自由律俳句になりそうな、ならなそうな何かを綴ってみる。物置のような実験室。

アメリカ鱒とベーコン

2017-09-20 21:22:57 | 文もどき
朝靄の中に起き出して、川へ向かう。
片手には釣り竿、背負ったリュックにはフライパンとベーコンを詰めて。
獲物は鱒である。河原の石を組み、道すがら拾い集めた焚き木をくべる。フライパンが熱くなる頃には、ベーコンの脂が充分に溶けだしている。泡だち煮えたベーコンの脂に、腑を抜いた鱒を並べる。なんとなく、軽く粉をはたきつけているように思うが、きっと素のままだろう。
じゅう、とか、じゃぁ、とか香ばしい匂いが漂いはじめる頃には日ものぼり、朝の幻想的な風景画はくっきりとフォーカスのあてられた鮮やかな川べりのフォトグラフに変わる。
私はベーコンを好きで、鱒もまた思い出の中にある味わいだ。
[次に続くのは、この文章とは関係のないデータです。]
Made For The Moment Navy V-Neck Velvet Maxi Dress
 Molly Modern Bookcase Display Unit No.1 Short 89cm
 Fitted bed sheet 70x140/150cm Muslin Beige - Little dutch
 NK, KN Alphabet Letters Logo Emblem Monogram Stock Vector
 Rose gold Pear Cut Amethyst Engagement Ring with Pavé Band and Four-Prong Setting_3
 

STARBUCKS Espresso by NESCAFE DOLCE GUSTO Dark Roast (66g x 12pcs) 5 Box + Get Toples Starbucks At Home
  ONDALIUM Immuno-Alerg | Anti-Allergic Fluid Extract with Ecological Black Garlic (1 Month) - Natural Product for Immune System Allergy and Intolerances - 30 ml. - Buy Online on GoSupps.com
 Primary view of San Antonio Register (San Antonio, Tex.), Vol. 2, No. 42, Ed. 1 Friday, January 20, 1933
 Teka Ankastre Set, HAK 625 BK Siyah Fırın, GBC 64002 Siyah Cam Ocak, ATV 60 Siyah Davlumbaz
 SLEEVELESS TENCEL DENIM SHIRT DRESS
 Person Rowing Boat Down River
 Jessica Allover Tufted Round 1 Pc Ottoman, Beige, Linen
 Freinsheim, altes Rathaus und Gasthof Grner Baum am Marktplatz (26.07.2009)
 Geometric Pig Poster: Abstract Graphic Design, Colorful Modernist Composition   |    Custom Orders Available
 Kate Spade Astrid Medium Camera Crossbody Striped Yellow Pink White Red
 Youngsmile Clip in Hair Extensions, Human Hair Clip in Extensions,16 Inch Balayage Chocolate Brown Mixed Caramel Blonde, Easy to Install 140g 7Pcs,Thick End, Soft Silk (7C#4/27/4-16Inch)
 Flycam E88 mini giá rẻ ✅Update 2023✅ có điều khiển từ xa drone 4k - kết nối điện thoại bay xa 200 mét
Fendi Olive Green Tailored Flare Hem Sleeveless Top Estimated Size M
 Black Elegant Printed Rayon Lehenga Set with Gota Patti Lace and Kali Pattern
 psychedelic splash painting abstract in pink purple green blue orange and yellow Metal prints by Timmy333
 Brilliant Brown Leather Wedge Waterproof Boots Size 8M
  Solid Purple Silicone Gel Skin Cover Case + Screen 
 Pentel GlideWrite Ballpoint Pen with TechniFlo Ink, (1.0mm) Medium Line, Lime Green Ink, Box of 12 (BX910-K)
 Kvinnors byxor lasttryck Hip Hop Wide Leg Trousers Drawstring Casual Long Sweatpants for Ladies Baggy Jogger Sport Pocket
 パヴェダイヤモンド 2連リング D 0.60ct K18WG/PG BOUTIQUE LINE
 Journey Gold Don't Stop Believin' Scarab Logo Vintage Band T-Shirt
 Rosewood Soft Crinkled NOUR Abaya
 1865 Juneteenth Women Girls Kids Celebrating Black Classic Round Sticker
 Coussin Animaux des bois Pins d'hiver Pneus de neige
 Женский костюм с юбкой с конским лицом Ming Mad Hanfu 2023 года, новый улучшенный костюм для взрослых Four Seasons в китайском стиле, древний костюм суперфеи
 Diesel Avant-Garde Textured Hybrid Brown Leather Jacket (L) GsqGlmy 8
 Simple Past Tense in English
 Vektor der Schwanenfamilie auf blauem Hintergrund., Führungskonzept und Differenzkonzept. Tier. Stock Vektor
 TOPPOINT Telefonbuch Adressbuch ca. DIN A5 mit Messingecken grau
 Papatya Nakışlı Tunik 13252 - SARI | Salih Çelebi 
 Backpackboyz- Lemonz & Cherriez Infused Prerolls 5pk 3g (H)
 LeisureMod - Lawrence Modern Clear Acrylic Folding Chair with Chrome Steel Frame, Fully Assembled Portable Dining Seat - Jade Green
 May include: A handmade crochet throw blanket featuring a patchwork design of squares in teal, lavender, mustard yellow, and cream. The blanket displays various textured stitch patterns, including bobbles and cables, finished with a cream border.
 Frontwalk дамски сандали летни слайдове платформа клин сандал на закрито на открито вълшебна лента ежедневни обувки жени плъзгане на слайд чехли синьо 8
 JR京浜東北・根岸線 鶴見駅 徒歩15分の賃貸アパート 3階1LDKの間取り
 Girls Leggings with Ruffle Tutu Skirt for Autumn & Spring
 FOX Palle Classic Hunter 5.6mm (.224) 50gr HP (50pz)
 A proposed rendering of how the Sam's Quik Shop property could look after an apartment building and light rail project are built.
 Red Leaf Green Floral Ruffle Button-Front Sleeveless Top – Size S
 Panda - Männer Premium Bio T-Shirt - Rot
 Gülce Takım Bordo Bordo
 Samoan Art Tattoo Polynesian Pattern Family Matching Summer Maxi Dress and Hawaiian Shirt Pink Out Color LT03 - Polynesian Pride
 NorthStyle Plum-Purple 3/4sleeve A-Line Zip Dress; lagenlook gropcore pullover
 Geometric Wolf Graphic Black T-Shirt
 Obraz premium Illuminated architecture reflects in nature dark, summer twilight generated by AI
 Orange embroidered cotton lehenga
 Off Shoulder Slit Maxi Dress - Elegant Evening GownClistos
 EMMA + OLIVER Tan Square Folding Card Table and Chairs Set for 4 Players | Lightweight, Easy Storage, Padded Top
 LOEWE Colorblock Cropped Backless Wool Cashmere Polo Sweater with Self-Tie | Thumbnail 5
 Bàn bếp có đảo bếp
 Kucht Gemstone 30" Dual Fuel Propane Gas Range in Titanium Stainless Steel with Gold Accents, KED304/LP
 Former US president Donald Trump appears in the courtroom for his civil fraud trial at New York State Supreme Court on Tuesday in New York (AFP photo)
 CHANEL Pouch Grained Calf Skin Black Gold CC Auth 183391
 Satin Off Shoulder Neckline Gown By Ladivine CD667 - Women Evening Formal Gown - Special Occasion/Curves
だから、特に印象深く残ってもいたのだろう。「旅行者の朝食」で読んでかなり経ってから、はたと気がついた。
この川べりを漂う朝飯の匂いは、そのままマーク・トゥエインが、リチャード・ブローティガンが、リチャード・スキャリーが、アメリカのワイルドライフを描いたさまざまな人びとの作品の中に流れる匂いだ。しかし、ベーコンから出る脂で鱒を揚げるには、どれほどの大きな塊が用意されているのだろう。それを岩の上か何かでナイフを器用に使って切り分けたのち、使い込んだフライパンになげ入れる。いちばん大きな鱒は、腹を開くとその身はうっすらと桃色がかっている。
鱒を縁が欠けた琺瑯びきの皿にあけ、すっかり脂を失ってカリカリになったベーコンを脇にすくい上げる。なんなら、リュックの中でちぢこまっていた田舎パンを焚き木の余りに挿して炙ってもいい。
フォーク一本で平らげる朝食は、いかばかりのものか。